According to NAN, the presidential aircraft conveying the president and some members of his entourage landed at the Presidential Wing of the Nnamdi Azikiwe International Airport, Abuja at about 1:25 p.m.
While in Niamey, Buhari signed the African Continental Free Trade Area (AfCFTA) agreement, making Nigeria the 53rd state in the continent to append its signature to the document.
The signing of the agreement was the first event at the opening of the summit on the launching of the operational phase of the AfCFTA.
The president had delayed signing the agreement, which entered into force on May 30, 2019.
The delay was to give room for extensive consultations with stakeholders, culminating in the submission of the report by the presidential committee, to assess the impact and readiness of Nigeria to join the free trade area.
The AfCFTA is expected to be the world’s largest free trade area since the formation of the World Trade Organisation (WTO), with a potential market of 1.2 billion people.

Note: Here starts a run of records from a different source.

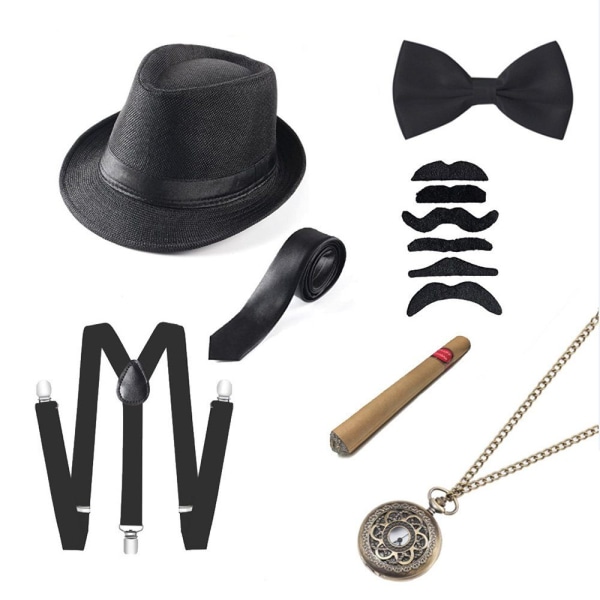 1920-talsfestdräkt Herr Accessoarer Gatsby Gangsterkläder Cospla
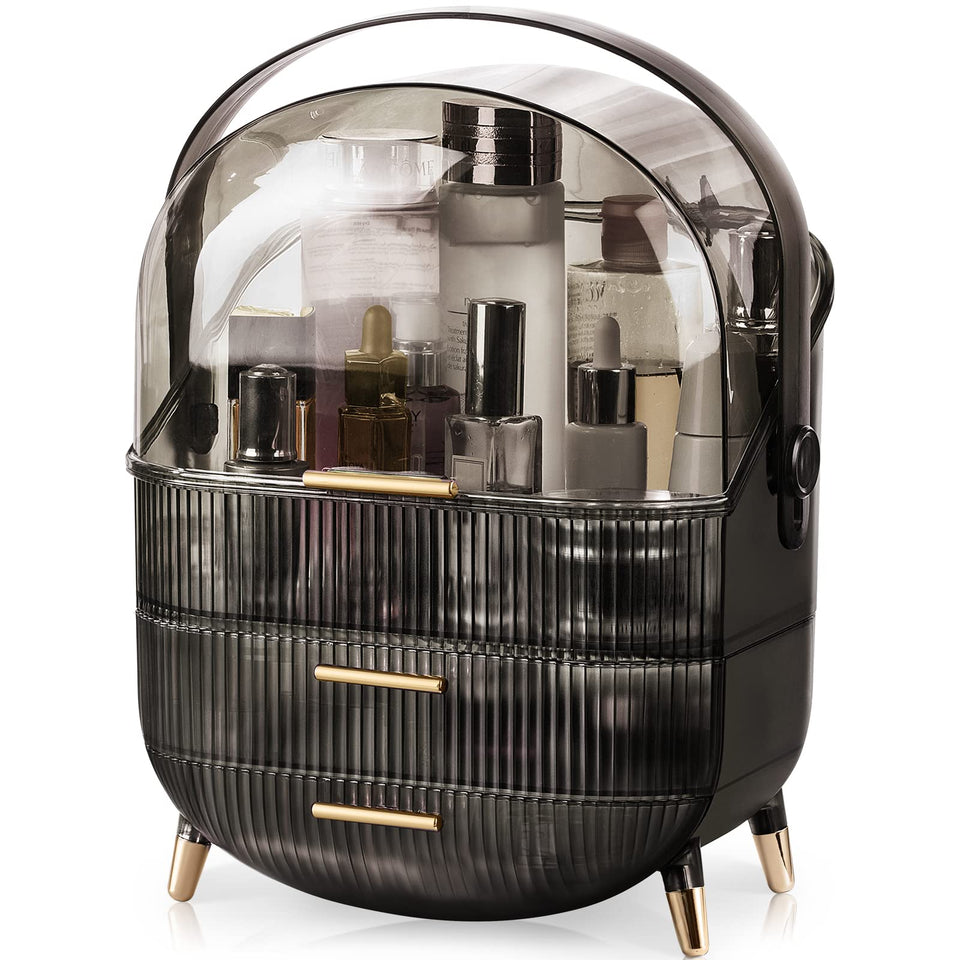 CANITORON makeup organizer with two drawers in gray cover maintains neat cosmetics.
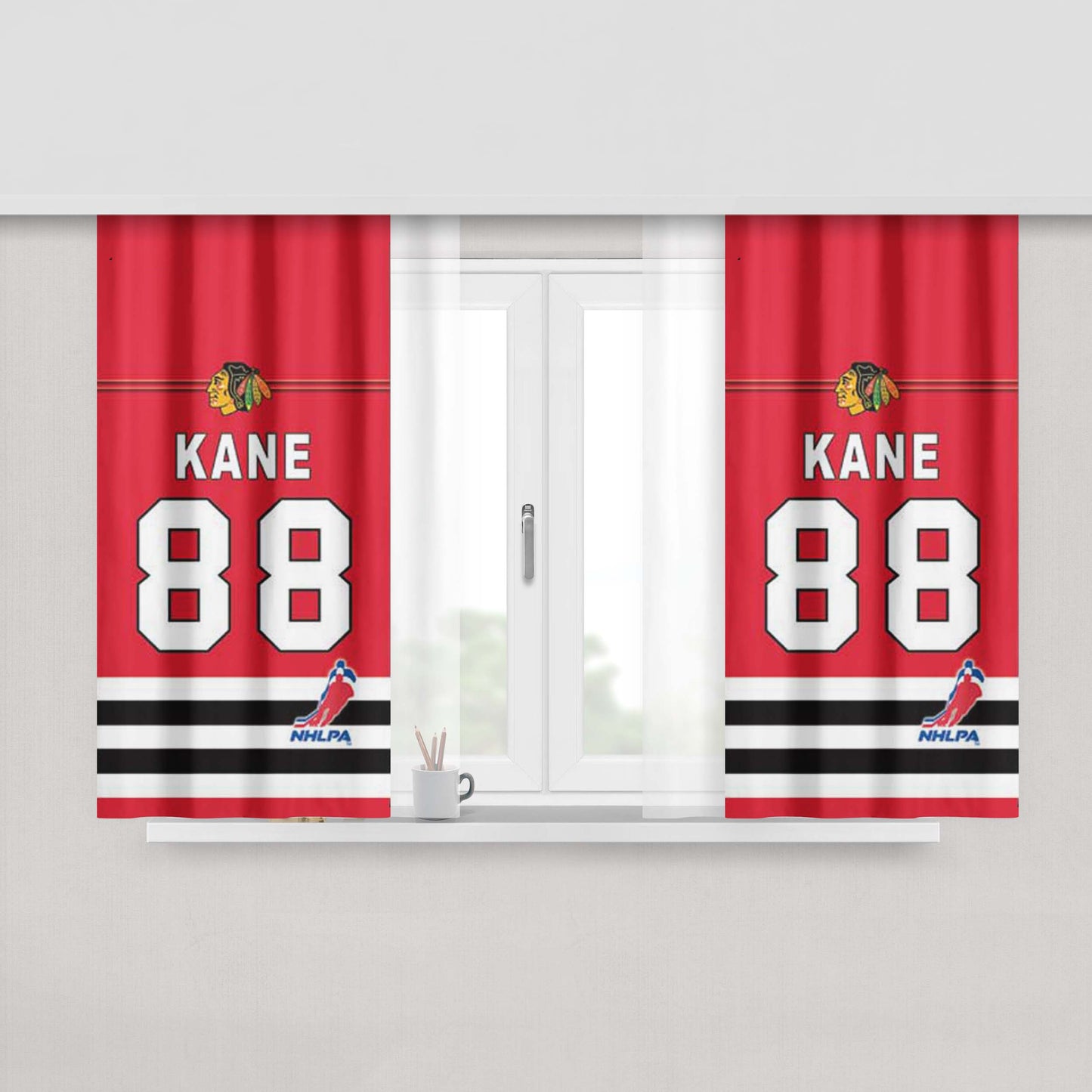 Chicago Blackhawks Kane Jersey Peach Skin Window Curtains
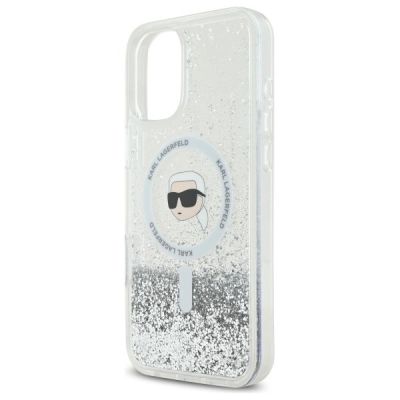 6. Etui Karl Lagerfeld Liquid Glitter Karl Head Magsafe na iPhone 16 - przezroczyste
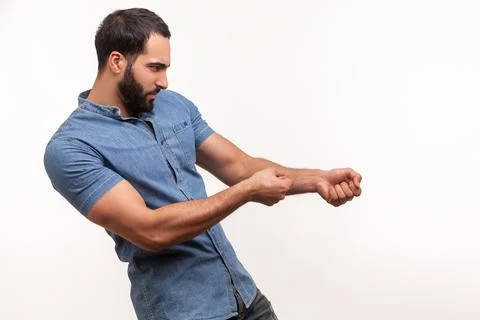 Profile portrait strong assertive man purposeful businessman with beard pulli Foto stock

Buhari at the summit met with Dr Mansur Muhtar, Vice- President of the Islamic Development Bank and solicited the support of the bank to address Nigeria’s infrastructure deficit.
According to the president, with the growing population and infrastructure deficit, no amount of money is too much to commit to the revamping of Nigeria’s development challenges.
‘‘We need all the support we can get on infrastructure because the oil will not last forever,’’ says Buhari.
The Nigerian leader also met with the Head of Libya’s Government of National Accord, Fayez Al-Sarraj, and pledged Nigeria’s continued support for Libya’s quest to regain political and security stability.